Apesar do fortalecimento das audiências da televisão por cabo, graças à especificidade, continuam a ser os canais em sinal aberto a concitar mais atenções e, no somatório, a deterem a primazia da preferência dos portugueses. Razão bastante para merecerem a profusão das críticas.
Se ao nível da informação esta segunda-feira serve para mudanças de cenário e de conteúdos (exemplos: a RTPN rebaptiza-se como RTPI e apimenta a novidade com "Justiça cega?", programa de debate entre Marinho e Pinto, Rui Rangel e Moita Flores, enquanto na TVI24 surge a maledicência lúcida de Medina Carreira em "Olhos nos olhos"), é no entretenimento em "prime time" que se coloca o foco principal.
A TVI pôs ontem em antena a primeira gala de uma nova série da "Casa dos segredos"; na SIC ultima-se a segunda série de "Peso pesado" e a RTP1 avança para "A voz de Portugal". Ora, o que têm em comum estes programas? Pouco ou nada de instrutivo; alguma ilusão para almas sedentas de protagonismo e de uns milhares de euros; e muitíssimo "voyeurismo", ou não fosse o espreitar a casa do vizinho pelo buraco da fechadura uma característica irresistível do ser humano.

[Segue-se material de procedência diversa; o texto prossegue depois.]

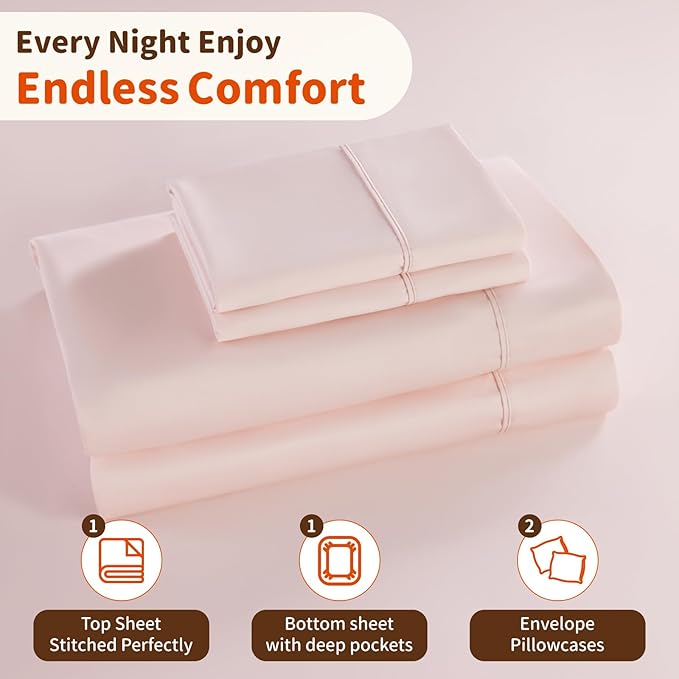 LBRO2M 1000 Thread Count 100% Egyptian Cotton Sheets Set Queen Size, 4 Piece Sets Bed Sheet Deep Pocket Sheet Set 16" Soft Comfortable All Season (Queen, Pink)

Como é da praxe, perante um "cocktail" assim, adivinham-se para os próximos tempos críticas virulentas, saídas de muitos cérebros incapazes de perceber a impossibilidade prática de o país mudar de povo e sem maleabilidade para retirarem ilações positivas deste tipo de "entretenimento".
Se se adoptar o posicionamento politicamente correcto, a frivolidade e a bisbilhotice da vida alheia não são de todo recomendáveis. Certo. Mas ambas as circunstâncias, revestidas de irreversibilidade, podem e devem ser encaradas também segundo um prisma positivo.

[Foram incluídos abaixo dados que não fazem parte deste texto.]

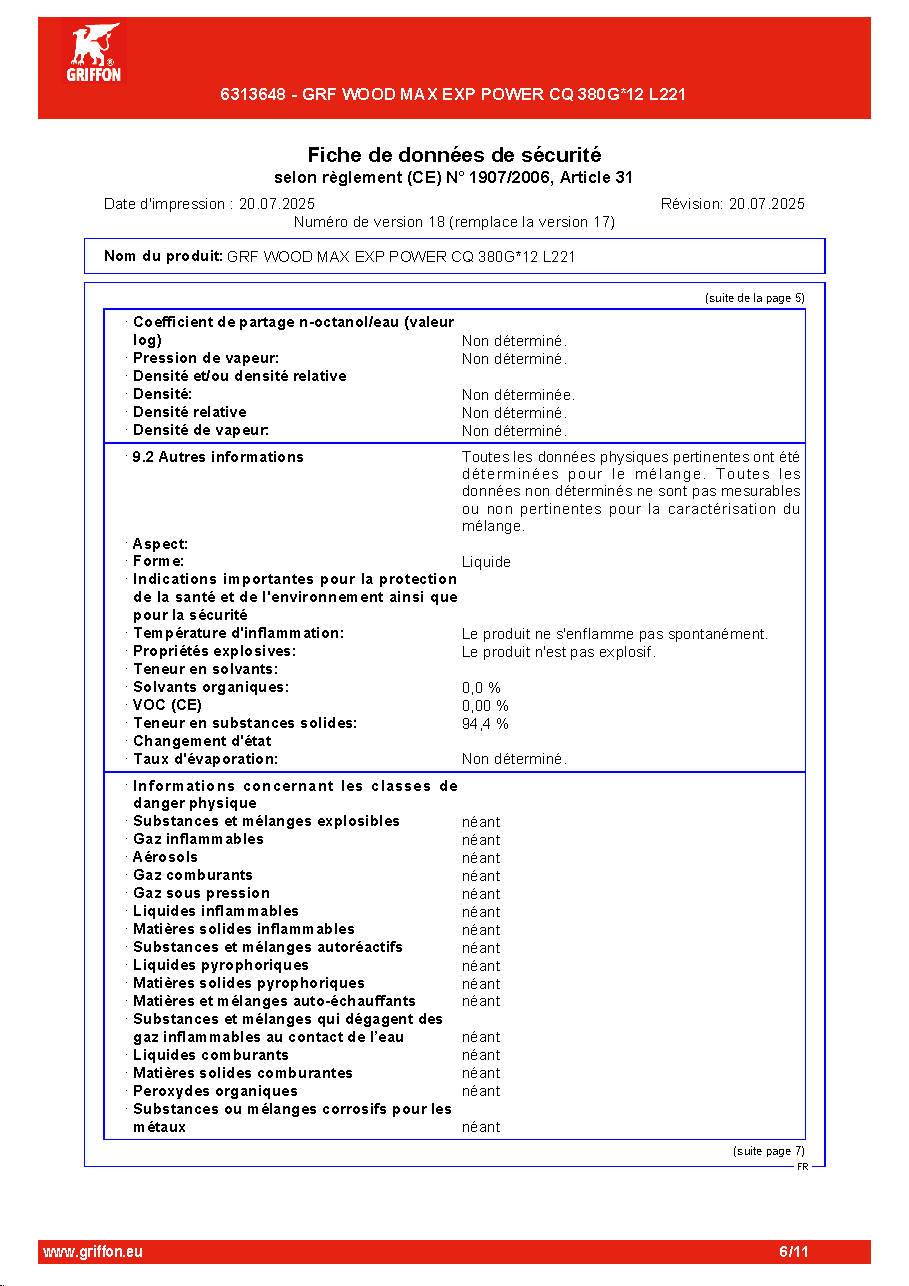 Fiche technique fournisseur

Por um lado, perante as angústias da actual sociedade, matraqueadas até à exaustão, em notícias ou comentários moldados por algum quê de sadomasoquismo, o povo precisa (e merece) de refugiar-se em momentos de alguma descontracção. E não lhe faz mal seguir o pior dos programas, desde que disponha de sentido crítico. O concorrente mais estúpido, bronco, tonto ou analfabeto é de enorme utilidade. Serve para exemplificar como não se deve ser...
É mesmo isso: fique atento e verifique numa pantalha perto de si como há uns trastes prontos para tudo. Até para se tornarem em anedotário nacional.